Thursday, December 28, 2006

How to Become a Chef

Don't do it for the money. Except for a handful of celebrity chefs and restauranteurs, the income level is fairly average. A Sous Chef in a small restaurant may make $9-10 per hour in the U.S., while an Executive Chef for a large hotel may make $125,000. Just do it because you love to cook.


1. Love food - if you don't, you'll be a cook, not a chef.

2. Learn everything about the food you love and, more importantly, about the food other people are willing to pay money to eat. Organic, free range, kosher, kobe - these are all good to know. If it's patisserie you're interested in, know that a souffle isn't just a bunch of hot air.
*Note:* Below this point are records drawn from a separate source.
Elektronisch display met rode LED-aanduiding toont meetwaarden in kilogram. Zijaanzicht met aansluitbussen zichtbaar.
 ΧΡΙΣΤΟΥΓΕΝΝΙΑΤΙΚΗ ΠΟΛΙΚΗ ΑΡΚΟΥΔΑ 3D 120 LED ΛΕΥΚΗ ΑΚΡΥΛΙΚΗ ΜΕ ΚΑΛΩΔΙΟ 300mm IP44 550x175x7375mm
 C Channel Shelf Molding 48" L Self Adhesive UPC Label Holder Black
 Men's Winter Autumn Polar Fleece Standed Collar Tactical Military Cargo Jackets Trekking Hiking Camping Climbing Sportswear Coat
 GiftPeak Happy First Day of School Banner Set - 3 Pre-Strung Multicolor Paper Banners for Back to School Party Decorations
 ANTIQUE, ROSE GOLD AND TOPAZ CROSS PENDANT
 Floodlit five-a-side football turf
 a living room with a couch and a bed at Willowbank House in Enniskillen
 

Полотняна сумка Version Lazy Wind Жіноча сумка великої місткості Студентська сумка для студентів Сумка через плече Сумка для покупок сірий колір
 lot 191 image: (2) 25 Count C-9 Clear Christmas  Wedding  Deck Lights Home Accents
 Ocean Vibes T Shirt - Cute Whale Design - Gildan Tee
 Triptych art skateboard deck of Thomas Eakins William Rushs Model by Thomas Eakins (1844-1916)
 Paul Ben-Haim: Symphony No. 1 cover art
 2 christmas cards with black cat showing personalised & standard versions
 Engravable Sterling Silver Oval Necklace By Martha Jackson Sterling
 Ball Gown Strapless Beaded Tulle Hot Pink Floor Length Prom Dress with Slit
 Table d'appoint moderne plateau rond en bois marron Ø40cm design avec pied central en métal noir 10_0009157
3. Become confident with a knife. You don't need to butcher a chicken with surgical precision just yet, but knowing the breast from the thigh will certainly help you a lot, both in life and in cooking. Know that size doesn't matter because a 2" turning knife can do some jobs faster than a 10" chef's knife.

4. Try working in the industry. In Europe, the interview process is a day working at the restaurant, for free. You see what they can do, they see what you can do, if it's a match made somewhere close to heaven, or you're a cooking god, you're hired. Students are allowed to learn through work experience under similar circumstances, where they are not paid, but put in a full day, week, or month for an agreed amount of time. Ask to work in the kitchen of your dreams to see if this is the life you really want. Even fast food experience is applicable. The most important thing is that you get exposure to the conditions, techniques, equipment, and culture.

5. Executive Chefs tend to fall into two categories; those who teach, and those who don't. Those who teach are willing to share their knowledge, expertice, and experience with any employee who is willing to learn, and seeks out the information. Those who don't expect absolute precision in faithfully replicating their ideas and concepts, with no room for creativity and expression. While both have their place, it is important to work with someone willing to assist you in your future goals. Once you have acquired a skill set, you can go work for the demanding tyrant.

6. Buy or borrow copies of Anthony Bourdain's "Kitchen Confidential", "The Professional Chef" from the Culinary Institute of America, and "Becoming a Chef" by Dorenburg and Page. read Bourdain and Dorenburg. Put Professional Chef on your shelf - it's an indispensable reference.

7. If after all this you still want to be a chef, you have a couple options: a) Go to cooking school. As most cooking is seeped in the French tradition, a French training-based course is an option. b) Try on the job training - through your school or job centre you may be able to find a paying position at a restaurant. Always pick the places that emphasize good hygiene - both yours and theirs.


* Check out the local chapter of the American Culinary Federation.

* Eat Out! Cooking at a restaurant is nothing like cooking at home, and there is a lot of good information and ideas on menus.

* Check out culinary programs at the community colleges in your area. More and more schools are offering night classes, certificate programs, and full culinary degrees.

* Be nice to everyone. The industry is highly incestuous and the potwashers and guests you meet today may be opening the hot new fusion restaurant tomorrow.

* You must have a step by step plan of how you are going to become a chef.